- _EXERCISE_
Return exactly the lines of the records below, starting at the line that contains "image for item" and ending at the line that contains "Manteau trench long", with both of those lines kept.
[[ RECORDS SHOWN, beginning ]]
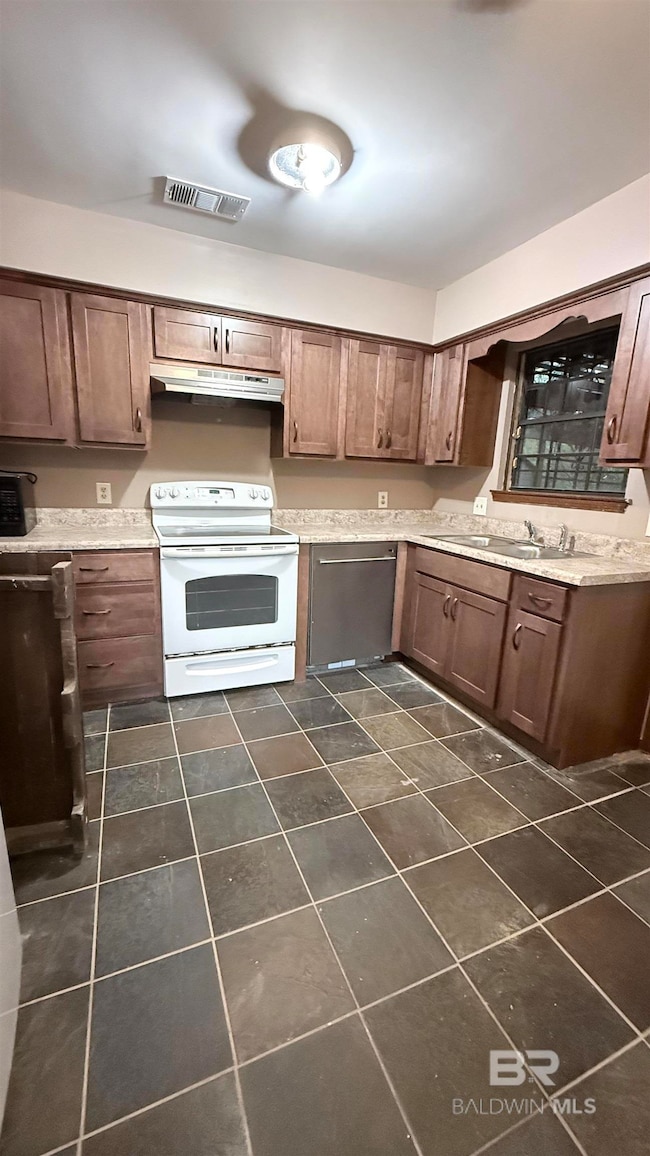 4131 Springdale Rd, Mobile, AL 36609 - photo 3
[[ RECORDS SHOWN, end ]]
[[ RECORDS SHOWN, beginning ]]
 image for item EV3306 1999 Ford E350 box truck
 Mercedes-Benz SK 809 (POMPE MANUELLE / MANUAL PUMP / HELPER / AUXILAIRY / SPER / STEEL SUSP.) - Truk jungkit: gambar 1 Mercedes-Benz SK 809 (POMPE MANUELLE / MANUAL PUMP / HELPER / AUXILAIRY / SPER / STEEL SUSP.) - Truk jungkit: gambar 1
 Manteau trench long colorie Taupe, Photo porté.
[[ RECORDS SHOWN, end ]]
- _SOLUTION TO THIS TASK_
 image for item EV3306 1999 Ford E350 box truck
 Mercedes-Benz SK 809 (POMPE MANUELLE / MANUAL PUMP / HELPER / AUXILAIRY / SPER / STEEL SUSP.) - Truk jungkit: gambar 1 Mercedes-Benz SK 809 (POMPE MANUELLE / MANUAL PUMP / HELPER / AUXILAIRY / SPER / STEEL SUSP.) - Truk jungkit: gambar 1
 Manteau trench long colorie Taupe, Photo porté.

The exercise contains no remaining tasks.